===== DATA EXCERPT

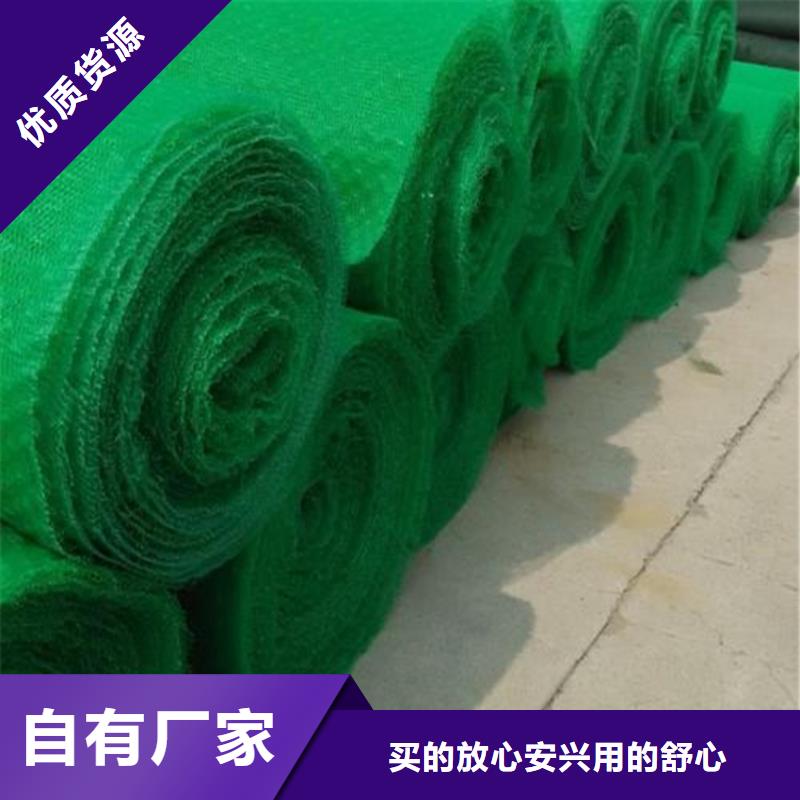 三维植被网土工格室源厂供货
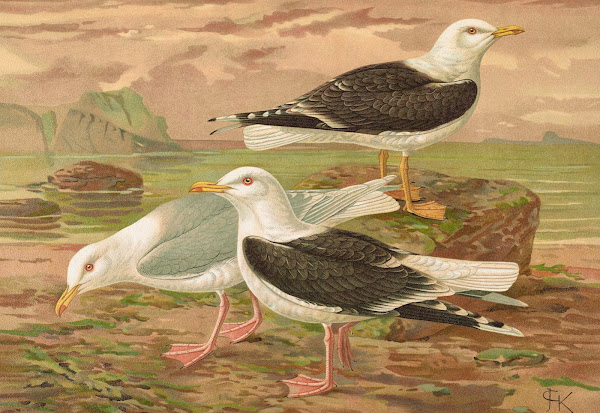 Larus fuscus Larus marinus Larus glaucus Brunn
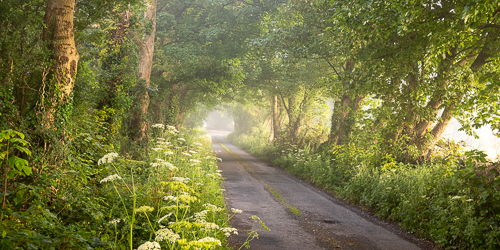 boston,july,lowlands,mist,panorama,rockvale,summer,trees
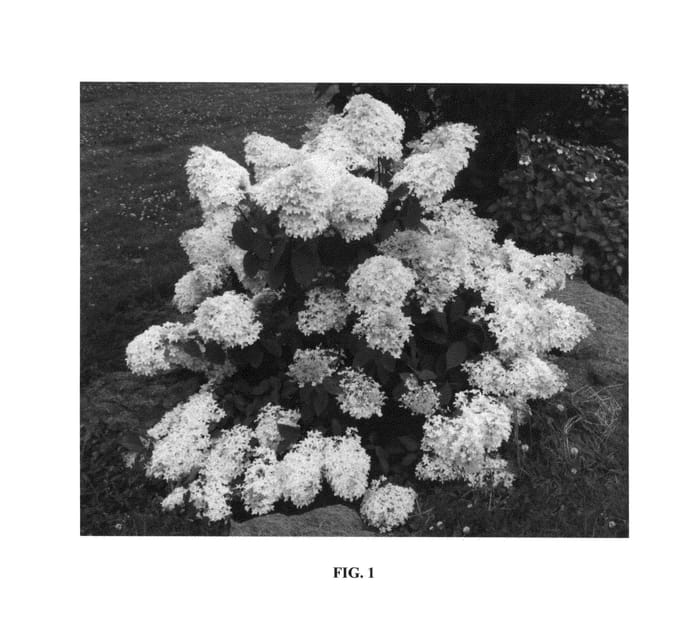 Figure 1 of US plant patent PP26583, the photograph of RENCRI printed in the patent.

==========

- _EXERCISE BRIEF_
Leave every picture out and copy precisely the lines from the one containing "Larus fuscus Larus" through the last line of the data above, both ends included.

- _OUTPUT FOR THIS EXERCISE_
 Larus fuscus Larus marinus Larus glaucus Brunn
 boston,july,lowlands,mist,panorama,rockvale,summer,trees
 Figure 1 of US plant patent PP26583, the photograph of RENCRI printed in the patent.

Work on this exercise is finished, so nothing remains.